Sammy came first, after two hours of pushing. “They put him on Marisa’s chest. She looked at him and said, ‘Oh, I love you,’ ” Scott remembers. But there wasn’t time to revel; there was another baby coming. Twenty more minutes of pushing “with everything I had,” Marisa says, and Declan was out.

Both babies spent time in the intensive-care nursery; Sammy had episodes of heart-deceleration, and Declan needed a feeding tube. Each was just over five pounds when discharged. And already, they are distinct: Sammy quick to smile and even-keeled emotionally; Declan showing more obvious highs and lows.

The twins have changed their parents — albeit, in different ways. Marisa says motherhood has had a mellowing effect. “I’m 40. These are my only babies. I’m trying to be — I know it’s a cliché — present for this. It’s been one thing after another of having to surrender my expectations.”

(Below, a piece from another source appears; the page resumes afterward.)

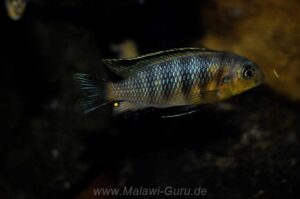 Tropheops tropheops Arten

Scott’s experience is the flip side: “I think I’m less mellow,” he says. “I’m more worried now about finances, about something happening to them. Babies become all-consuming; they take up any available space you have in your mind and in your life.” He’s wary of becoming that parent who talks only about his children; he tries to remember to ask Marisa about her own day and mood before checking on the kids when he calls from work.

There have been sanity-shredding moments: walking the babies through Rittenhouse Square at 11 o’clock at night, “trying to get them to chill out,” or the time Scott paced with Sammy around their dining room table for three hours while he screamed.

But then they’ll put Declan and Sammy down on twin play mats, turn away and look back to see that they’ve wiggled close together. The babies stare and smile and try to stuff their hands in one another’s mouths. “The thing that’s fun about twins,” Marisa says, “is how interested they are in each other.”